=== Section Start ===

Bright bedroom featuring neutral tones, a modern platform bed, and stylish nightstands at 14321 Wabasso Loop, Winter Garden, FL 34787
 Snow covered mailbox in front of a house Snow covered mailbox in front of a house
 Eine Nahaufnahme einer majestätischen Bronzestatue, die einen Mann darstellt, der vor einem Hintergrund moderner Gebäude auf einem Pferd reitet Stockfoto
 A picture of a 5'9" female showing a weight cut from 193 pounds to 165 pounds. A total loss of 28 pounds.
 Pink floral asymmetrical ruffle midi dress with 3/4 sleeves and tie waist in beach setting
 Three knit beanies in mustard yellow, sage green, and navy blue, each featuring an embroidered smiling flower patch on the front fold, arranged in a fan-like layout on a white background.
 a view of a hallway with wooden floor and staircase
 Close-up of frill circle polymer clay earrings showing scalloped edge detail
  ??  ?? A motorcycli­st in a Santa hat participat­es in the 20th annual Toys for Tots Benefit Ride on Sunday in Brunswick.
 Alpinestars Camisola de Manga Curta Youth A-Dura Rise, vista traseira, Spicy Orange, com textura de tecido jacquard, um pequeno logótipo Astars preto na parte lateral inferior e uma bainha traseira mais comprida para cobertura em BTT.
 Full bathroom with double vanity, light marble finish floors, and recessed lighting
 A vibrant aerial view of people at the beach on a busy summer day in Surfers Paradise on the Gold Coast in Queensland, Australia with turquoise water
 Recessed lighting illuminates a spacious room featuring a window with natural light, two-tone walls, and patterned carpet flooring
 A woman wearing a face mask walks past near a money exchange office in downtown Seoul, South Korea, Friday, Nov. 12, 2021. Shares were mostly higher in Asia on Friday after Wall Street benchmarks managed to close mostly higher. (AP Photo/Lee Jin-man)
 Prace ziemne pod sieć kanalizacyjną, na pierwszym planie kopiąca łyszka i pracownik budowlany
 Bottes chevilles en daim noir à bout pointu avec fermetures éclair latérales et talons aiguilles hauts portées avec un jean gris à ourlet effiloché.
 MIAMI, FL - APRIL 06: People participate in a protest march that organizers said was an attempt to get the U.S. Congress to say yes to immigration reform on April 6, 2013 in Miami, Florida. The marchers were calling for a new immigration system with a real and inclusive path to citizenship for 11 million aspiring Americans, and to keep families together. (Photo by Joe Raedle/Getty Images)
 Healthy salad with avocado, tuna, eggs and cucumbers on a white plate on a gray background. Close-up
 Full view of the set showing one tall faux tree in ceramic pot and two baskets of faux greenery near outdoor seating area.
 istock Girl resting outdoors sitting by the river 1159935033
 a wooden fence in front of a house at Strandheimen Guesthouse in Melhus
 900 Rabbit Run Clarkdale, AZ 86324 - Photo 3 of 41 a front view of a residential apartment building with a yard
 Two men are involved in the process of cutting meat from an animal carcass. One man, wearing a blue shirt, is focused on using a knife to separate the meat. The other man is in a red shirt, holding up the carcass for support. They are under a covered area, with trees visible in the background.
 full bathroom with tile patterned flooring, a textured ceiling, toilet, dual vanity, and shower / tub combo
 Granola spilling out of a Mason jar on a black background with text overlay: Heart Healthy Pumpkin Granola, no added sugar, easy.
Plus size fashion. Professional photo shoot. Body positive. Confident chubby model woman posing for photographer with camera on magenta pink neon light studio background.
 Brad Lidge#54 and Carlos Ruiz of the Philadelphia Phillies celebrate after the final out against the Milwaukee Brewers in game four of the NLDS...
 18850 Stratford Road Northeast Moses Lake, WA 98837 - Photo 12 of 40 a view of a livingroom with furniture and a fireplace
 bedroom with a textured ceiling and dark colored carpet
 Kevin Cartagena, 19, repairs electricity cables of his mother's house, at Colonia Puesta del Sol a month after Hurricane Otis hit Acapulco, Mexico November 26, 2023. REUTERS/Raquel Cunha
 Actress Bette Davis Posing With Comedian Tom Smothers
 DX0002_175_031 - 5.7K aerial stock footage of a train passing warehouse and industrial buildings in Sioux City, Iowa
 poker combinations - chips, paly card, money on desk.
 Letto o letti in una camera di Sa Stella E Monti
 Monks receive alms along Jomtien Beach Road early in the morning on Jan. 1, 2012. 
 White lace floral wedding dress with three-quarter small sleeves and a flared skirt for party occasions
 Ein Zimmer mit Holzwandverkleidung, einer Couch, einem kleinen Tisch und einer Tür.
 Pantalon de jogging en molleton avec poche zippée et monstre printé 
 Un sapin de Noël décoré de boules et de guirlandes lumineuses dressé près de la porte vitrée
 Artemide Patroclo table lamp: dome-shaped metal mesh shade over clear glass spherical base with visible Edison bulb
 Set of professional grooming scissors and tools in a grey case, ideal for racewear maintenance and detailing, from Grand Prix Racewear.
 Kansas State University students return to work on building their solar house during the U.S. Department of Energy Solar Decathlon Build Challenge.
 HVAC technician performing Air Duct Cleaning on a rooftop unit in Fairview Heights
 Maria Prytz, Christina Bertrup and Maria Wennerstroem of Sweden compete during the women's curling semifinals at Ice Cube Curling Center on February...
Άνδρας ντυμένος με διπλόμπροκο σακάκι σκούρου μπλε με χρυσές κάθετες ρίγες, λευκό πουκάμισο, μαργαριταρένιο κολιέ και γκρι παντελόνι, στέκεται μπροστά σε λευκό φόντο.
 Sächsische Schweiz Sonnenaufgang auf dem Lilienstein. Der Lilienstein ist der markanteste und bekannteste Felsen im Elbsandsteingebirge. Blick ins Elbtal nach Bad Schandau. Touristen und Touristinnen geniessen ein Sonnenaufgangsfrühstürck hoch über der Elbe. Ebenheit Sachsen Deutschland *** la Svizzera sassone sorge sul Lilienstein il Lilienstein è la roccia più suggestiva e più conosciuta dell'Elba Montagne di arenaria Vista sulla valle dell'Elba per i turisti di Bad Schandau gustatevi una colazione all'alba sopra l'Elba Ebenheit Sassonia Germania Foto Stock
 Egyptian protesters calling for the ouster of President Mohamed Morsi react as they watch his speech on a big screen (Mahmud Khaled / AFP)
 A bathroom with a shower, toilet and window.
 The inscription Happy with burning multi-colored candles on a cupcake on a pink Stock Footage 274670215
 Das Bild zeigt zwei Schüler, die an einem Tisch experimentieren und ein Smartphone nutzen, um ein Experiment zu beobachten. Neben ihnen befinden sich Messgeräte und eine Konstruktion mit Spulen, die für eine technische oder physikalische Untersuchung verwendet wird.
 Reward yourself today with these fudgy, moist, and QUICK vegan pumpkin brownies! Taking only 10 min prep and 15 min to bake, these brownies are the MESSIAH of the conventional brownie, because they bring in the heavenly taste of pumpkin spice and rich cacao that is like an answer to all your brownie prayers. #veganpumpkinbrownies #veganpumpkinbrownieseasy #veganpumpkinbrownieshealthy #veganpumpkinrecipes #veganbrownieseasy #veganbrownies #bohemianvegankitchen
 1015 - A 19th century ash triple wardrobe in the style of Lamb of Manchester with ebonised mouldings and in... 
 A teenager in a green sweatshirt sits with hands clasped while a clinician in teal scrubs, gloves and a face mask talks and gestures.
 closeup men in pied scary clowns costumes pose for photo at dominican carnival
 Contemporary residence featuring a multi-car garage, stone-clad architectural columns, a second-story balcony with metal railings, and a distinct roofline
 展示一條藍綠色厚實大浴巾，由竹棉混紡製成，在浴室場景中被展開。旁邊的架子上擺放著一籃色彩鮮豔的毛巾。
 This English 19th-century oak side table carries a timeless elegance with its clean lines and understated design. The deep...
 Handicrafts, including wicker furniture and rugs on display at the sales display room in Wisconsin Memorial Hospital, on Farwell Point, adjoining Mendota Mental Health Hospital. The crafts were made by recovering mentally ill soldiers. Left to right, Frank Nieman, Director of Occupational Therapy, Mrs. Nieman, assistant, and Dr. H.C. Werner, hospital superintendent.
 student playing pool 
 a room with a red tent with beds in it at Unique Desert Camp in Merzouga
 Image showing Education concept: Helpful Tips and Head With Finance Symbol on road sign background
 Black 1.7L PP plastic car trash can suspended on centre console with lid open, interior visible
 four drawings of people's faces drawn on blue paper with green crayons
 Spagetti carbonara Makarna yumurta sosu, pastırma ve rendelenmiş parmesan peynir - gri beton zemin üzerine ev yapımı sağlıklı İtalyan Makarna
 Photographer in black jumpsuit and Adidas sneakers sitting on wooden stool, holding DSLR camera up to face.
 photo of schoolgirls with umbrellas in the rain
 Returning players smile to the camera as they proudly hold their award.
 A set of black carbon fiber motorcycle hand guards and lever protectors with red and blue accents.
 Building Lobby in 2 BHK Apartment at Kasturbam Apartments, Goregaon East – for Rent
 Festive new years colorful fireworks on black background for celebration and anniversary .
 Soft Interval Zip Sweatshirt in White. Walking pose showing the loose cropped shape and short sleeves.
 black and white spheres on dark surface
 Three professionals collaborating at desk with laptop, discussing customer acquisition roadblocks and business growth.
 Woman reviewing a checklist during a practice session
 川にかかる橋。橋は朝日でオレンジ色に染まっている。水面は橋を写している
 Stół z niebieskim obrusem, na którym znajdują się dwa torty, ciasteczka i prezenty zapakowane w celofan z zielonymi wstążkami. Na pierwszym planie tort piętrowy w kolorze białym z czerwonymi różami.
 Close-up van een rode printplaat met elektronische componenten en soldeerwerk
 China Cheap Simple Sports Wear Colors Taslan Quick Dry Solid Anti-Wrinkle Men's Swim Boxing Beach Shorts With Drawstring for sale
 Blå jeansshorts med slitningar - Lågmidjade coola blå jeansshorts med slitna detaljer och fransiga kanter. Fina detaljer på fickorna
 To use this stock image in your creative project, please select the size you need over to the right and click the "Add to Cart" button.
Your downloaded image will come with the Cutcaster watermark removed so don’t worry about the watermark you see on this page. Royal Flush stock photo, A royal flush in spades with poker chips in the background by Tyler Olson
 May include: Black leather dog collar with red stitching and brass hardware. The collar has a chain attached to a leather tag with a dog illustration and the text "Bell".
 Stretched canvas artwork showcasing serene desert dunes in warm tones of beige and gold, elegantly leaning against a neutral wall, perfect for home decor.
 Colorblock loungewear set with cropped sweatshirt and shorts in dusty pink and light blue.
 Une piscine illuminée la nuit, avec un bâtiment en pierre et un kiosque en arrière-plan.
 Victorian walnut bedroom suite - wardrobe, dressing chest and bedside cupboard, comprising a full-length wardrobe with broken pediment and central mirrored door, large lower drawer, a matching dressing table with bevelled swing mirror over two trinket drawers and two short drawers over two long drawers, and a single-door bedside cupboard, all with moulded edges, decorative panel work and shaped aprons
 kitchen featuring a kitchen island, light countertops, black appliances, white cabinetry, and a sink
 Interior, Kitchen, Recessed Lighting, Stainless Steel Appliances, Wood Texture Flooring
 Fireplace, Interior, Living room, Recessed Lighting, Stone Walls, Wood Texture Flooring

=== Section End ===

» Aim of the task: Output the first line of the entries above and every line after it, exactly as written, ending with the line that contains "A picture of".

» Finished exercise:
Bright bedroom featuring neutral tones, a modern platform bed, and stylish nightstands at 14321 Wabasso Loop, Winter Garden, FL 34787
 Snow covered mailbox in front of a house Snow covered mailbox in front of a house
 Eine Nahaufnahme einer majestätischen Bronzestatue, die einen Mann darstellt, der vor einem Hintergrund moderner Gebäude auf einem Pferd reitet Stockfoto
 A picture of a 5'9" female showing a weight cut from 193 pounds to 165 pounds. A total loss of 28 pounds.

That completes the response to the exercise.